By the time of her Platinum Jubilee in 2022 marking her 70 years as queen, the
national celebration had added another dimension, a shared recognition that the
reign was almost over and was of a type that would not be seen again in terms of
its length, pomp and place in a changed British society.

“While we celebrate the mightiness of Elizabeth II’s allegiance to a life of
service, we should also acknowledge that an antiquated version of monarchy must
now pass into history,” wrote journalist and royal watcher Tina Brown in her
2022 book, “The Palace Papers.”

Nothing captured this moment more clearly than the image of the queen at her
husband’s funeral, held in 2021 amid restrictions related to the coronavirus
pandemic. Dressed in black and with her face veiled by a mask, she seemed alone
if not isolated in the oaken pews of St. George’s Chapel, Windsor.

The ensuing months were marked by increasing frailty, a rare hospitalization and
a covid infection. She was unable to perform long-standing and familiar public
duties.



Into her 90s, she maintained a rigorous calendar of events and appearances. They
numbered more than 400 in her Diamond Jubilee year. Her public life was defined
by these duties, some seemingly trivial, such as handing out symbolic alms,
others mantled with pomp and pageantry — the opening of Parliament or the
hosting of a state dinner.

To an outsider, such recurring events might seem perfunctory, but in their
recurring character, Charles said, they “help to anchor things” in a dynamic
world and, moreover, threaded the monarch through the tapestry of British life.

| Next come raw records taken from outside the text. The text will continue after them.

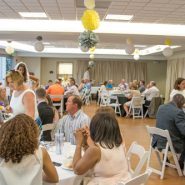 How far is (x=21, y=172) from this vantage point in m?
1.72

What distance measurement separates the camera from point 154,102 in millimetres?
10086

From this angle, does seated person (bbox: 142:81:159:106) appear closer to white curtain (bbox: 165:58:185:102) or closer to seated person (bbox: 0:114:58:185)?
white curtain (bbox: 165:58:185:102)

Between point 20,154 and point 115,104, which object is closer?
point 20,154

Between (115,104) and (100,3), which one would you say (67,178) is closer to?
(100,3)

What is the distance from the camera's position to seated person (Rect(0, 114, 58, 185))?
168 centimetres

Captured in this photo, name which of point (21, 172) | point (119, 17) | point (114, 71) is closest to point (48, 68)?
point (114, 71)

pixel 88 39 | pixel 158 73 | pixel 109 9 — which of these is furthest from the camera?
pixel 158 73

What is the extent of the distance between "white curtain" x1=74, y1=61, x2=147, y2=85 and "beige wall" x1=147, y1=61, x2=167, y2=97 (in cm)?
35

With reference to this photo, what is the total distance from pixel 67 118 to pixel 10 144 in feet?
5.68

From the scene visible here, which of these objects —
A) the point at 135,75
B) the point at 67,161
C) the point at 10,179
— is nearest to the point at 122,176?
the point at 67,161

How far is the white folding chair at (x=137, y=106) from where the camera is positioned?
10.0 meters

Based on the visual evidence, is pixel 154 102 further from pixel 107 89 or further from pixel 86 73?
pixel 86 73

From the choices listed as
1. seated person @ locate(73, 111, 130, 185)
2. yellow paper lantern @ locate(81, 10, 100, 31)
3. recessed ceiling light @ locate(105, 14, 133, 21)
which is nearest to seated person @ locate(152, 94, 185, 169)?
yellow paper lantern @ locate(81, 10, 100, 31)

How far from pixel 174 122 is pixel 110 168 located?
2.24 meters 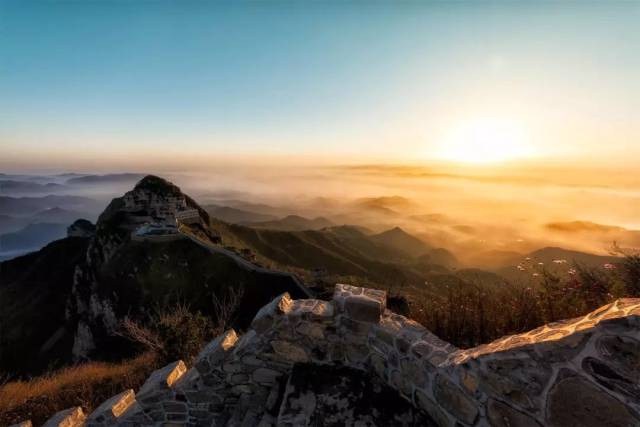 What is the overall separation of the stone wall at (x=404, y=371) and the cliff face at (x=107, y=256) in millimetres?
34505

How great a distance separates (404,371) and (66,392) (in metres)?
7.74

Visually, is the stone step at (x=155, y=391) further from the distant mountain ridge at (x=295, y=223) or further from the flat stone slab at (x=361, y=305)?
the distant mountain ridge at (x=295, y=223)

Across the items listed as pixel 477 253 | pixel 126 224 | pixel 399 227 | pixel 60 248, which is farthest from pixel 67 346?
pixel 399 227

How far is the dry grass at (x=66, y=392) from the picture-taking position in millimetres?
5910

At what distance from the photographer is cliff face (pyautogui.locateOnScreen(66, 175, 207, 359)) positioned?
33500mm

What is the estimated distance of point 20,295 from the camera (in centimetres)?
5147

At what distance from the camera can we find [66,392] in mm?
6453

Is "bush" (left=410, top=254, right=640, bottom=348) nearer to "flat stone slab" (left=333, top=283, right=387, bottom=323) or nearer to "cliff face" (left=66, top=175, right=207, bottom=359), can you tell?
"flat stone slab" (left=333, top=283, right=387, bottom=323)

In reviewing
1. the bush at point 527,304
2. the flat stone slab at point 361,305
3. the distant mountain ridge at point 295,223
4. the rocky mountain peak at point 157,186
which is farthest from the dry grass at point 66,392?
the distant mountain ridge at point 295,223

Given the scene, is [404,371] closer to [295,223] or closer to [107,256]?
[107,256]

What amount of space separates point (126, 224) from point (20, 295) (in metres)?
27.5

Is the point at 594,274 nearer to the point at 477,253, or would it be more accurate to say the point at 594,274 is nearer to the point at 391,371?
the point at 391,371

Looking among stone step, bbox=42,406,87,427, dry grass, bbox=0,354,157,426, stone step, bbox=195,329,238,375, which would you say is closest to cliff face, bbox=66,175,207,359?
dry grass, bbox=0,354,157,426

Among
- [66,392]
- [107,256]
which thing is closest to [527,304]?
[66,392] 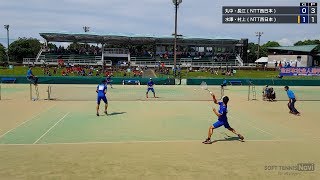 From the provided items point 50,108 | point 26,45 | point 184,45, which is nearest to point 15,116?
point 50,108

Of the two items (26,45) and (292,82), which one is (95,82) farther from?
(26,45)

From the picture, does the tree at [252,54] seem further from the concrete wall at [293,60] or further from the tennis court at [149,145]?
the tennis court at [149,145]

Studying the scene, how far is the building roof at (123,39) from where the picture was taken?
258 ft

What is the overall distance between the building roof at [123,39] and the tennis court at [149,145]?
196ft

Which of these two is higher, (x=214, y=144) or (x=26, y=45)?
(x=26, y=45)

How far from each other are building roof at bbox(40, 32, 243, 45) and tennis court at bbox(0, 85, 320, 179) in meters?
59.8

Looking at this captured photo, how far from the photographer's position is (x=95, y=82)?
148 feet

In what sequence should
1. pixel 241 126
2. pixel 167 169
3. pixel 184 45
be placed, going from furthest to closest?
pixel 184 45, pixel 241 126, pixel 167 169

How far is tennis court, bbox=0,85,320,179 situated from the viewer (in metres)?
9.00

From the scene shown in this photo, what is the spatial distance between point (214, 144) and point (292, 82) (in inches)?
1560

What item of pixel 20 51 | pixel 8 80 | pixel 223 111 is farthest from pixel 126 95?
pixel 20 51

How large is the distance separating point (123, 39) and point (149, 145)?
7072 centimetres

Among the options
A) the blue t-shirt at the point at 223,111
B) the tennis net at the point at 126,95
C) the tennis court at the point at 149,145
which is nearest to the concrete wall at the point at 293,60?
the tennis net at the point at 126,95

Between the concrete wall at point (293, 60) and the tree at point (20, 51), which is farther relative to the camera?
the tree at point (20, 51) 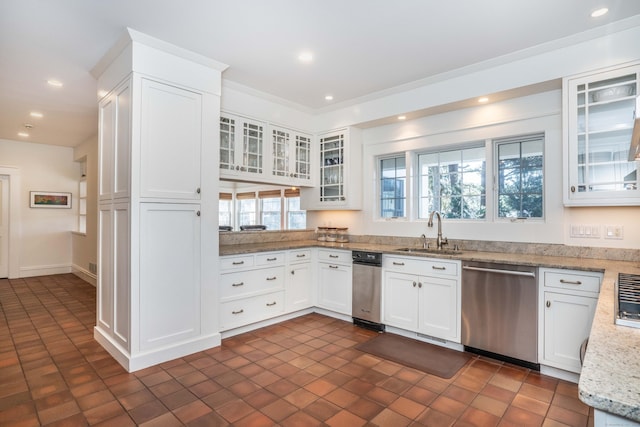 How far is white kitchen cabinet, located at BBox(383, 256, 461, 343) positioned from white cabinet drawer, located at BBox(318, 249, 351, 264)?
19.5 inches

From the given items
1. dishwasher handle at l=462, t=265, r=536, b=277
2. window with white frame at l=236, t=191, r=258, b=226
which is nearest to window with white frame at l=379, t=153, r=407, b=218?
dishwasher handle at l=462, t=265, r=536, b=277

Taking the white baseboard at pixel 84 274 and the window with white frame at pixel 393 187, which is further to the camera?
the white baseboard at pixel 84 274

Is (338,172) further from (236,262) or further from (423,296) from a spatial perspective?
(423,296)

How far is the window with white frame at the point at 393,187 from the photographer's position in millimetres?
4262

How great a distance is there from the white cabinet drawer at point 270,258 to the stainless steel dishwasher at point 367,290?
82 centimetres

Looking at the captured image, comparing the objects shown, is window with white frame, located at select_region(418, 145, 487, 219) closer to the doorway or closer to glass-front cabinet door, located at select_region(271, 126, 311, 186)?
glass-front cabinet door, located at select_region(271, 126, 311, 186)

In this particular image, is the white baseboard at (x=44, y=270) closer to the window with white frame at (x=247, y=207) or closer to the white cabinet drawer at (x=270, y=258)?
the window with white frame at (x=247, y=207)

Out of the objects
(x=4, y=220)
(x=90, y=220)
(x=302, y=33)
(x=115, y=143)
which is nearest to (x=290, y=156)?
(x=302, y=33)

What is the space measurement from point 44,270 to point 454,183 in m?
7.66

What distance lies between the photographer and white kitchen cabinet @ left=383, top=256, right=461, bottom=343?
10.1 ft

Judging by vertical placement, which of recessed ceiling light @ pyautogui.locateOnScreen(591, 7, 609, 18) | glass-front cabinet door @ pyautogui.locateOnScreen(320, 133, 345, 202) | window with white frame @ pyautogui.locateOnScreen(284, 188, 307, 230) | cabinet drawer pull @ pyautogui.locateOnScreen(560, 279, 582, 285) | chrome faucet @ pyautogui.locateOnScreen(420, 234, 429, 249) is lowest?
cabinet drawer pull @ pyautogui.locateOnScreen(560, 279, 582, 285)

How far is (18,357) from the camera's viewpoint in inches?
115

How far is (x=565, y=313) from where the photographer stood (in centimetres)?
252

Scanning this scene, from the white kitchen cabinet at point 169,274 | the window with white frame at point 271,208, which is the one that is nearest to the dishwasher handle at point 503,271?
the white kitchen cabinet at point 169,274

Her role as queen defined Elizabeth’s life, but her unflagging dedication to the
job also defined the monarchy. Unlike her sister and several of her children,
including Charles, she kept her personal life intact and avoided private scandal
and public controversy. The prospect of abdicating — there were calls for such a
move when her great-grandson and third direct heir, Prince George, was born in
2013 — was alien to someone who clung not to power, but to duty.

Dickie Arbiter, a former royal spokesman, said at the time that Elizabeth’s
piety alone would prevent it: “She sees herself of having sworn to serve for
life not only to the people, but to God.”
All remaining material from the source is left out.